Bolivia vive una escalada de tensión política y social mientras crecen los reclamos contra Rodrigo Paz
Miles de manifestantes llegaron a La Paz para exigir la renuncia del presidente boliviano en medio de una crisis económica que ya dejó muertos, detenidos y fuertes enfrentamientos con la policía.

Bolivia atraviesa una de las mayores crisis políticas y sociales de las últimas décadas. Miles de manifestantes indígenas, campesinos, sindicalistas y seguidores del expresidente Evo Morales llegaron este lunes a la ciudad de La Paz para exigir la renuncia del presidente Rodrigo Paz, en el marco de una huelga general y bloqueos de rutas que ya llevan casi dos semanas.
Las protestas se concentraron en los alrededores de la Plaza Murillo, donde se encuentran el Palacio de Gobierno y el Parlamento boliviano. Allí, grupos de manifestantes intentaron avanzar hacia el centro político de la capital utilizando piedras y explosivos artesanales, mientras efectivos antidisturbios respondieron con gases lacrimógenos y operativos de dispersión que se extendieron durante varias horas.
La tensión dejó decenas de detenidos, heridos y escenas de fuerte violencia urbana. Según datos oficiales, al menos 95 personas fueron arrestadas durante los incidentes y un vehículo policial fue incendiado. Además, medios locales y redes sociales difundieron imágenes de un ciudadano argentino detenido mientras registraba la represión policial.
Las movilizaciones están encabezadas principalmente por la Central Obrera Boliviana (COB) y la Federación de Campesinos Tupac Katari, organizaciones que reclaman medidas urgentes frente a la grave crisis económica que afecta al país y cuestionan las políticas de ajuste implementadas por el gobierno de Paz apenas seis meses después de haber asumido la presidencia.
“Queremos que renuncie. Bolivia está viviendo un momento de caos”, expresó a medios internacionales Iván Alarcón, un dirigente campesino aimara que participó de la movilización en La Paz.
La situación económica aparece como el principal detonante del conflicto. Bolivia enfrenta la peor crisis financiera en más de cuatro décadas, marcada por la escasez de dólares, falta de combustibles, inflación creciente y dificultades de abastecimiento. El país agotó buena parte de sus reservas internacionales tras años de subsidios energéticos, que el gobierno decidió eliminar parcialmente en diciembre pasado.
La inflación interanual alcanzó el 14% en abril y el descontento social se profundizó especialmente en sectores populares y rurales, donde las protestas se combinaron con cortes de rutas que afectan el abastecimiento hacia La Paz y otras ciudades importantes.
En paralelo, una extensa columna de seguidores de Evo Morales llegó también a la capital boliviana luego de recorrer más de 180 kilómetros desde Caracollo, en el departamento de Oruro.
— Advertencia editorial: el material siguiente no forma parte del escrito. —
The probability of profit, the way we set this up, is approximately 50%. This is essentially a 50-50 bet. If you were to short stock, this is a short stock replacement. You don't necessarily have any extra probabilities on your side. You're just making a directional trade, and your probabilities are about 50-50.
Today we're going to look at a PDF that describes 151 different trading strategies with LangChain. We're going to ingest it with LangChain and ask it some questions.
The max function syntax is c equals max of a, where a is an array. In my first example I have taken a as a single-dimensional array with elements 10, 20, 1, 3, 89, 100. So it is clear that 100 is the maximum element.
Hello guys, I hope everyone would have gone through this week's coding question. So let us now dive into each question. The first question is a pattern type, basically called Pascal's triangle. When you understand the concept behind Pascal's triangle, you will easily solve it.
Morales respaldó públicamente las protestas y acusó al gobierno de intentar criminalizar la movilización social.
El expresidente denunció además supuestas maniobras de intervención extranjera y afirmó que Estados Unidos busca apropiarse de los recursos naturales bolivianos, especialmente del litio, uno de los principales activos estratégicos del país.
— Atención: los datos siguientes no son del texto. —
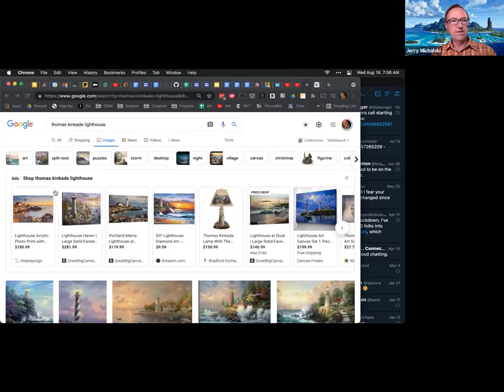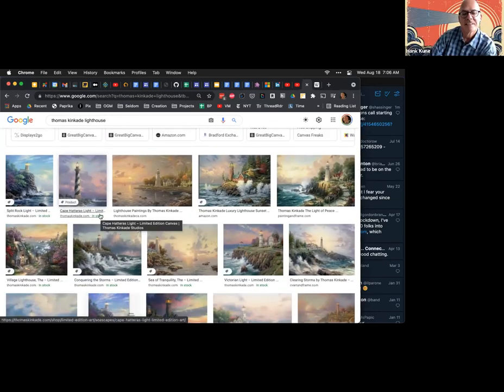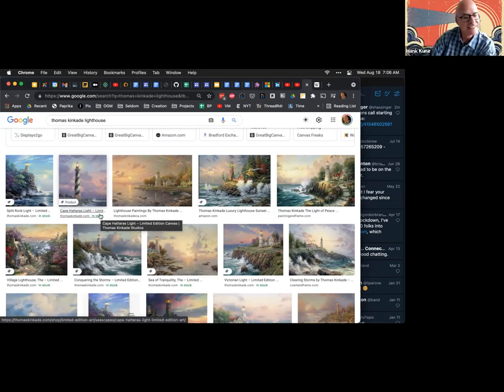Thomas Kinkade - the official website, 'Painter of Light.' Let me find his Wikipedia page and get images. There we go - a painter of American Americana kind of paintings. I searched for Kinkade and switched to images. Now if I add the word 'lighthouse' I get a bunch of Thomas Kinkade lighthouse scenes, which are a little bit fantasy romantic.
El gobierno, por su parte, endureció su discurso frente a las movilizaciones. El vocero presidencial José Luis Gálvez aseguró que las autoridades identificaron grupos armados infiltrados en las protestas y vinculó parte de las acciones violentas a sectores radicalizados de los llamados “Ponchos Rojos”, una organización campesina aimara históricamente cercana al movimiento indígena boliviano.
La escalada también alcanzó al plano judicial. El fiscal general del Estado, Roger Mariaca, confirmó órdenes de detención contra el secretario ejecutivo de la COB, Mario Argollo, y otros 24 dirigentes sociales, acusados de instigación pública, terrorismo y delitos vinculados a los bloqueos.
Desde la COB denunciaron una persecución política y afirmaron que las causas judiciales buscan desarticular las protestas. “No nos van a doblegar”, sostuvo Argollo antes de conocerse oficialmente la orden de captura.
El conflicto ya dejó al menos cuatro personas fallecidas desde el inicio de los bloqueos. Entre las víctimas aparecen manifestantes y civiles afectados por la imposibilidad de acceder a atención médica debido al corte de rutas y a las restricciones de circulación.
Mientras tanto, sectores empresariales y cívicos de Santa Cruz, principal motor económico boliviano, reclamaron al gobierno declarar un “estado de excepción sectorizado” en algunas regiones del país para recuperar el control de las rutas y contener la conflictividad.
La crisis representa el mayor desafío político para Rodrigo Paz desde su llegada al poder y reabre la histórica disputa entre el nuevo gobierno y los sectores vinculados al ciclo político liderado durante casi dos décadas por Evo Morales y el exmandatario Luis Arce.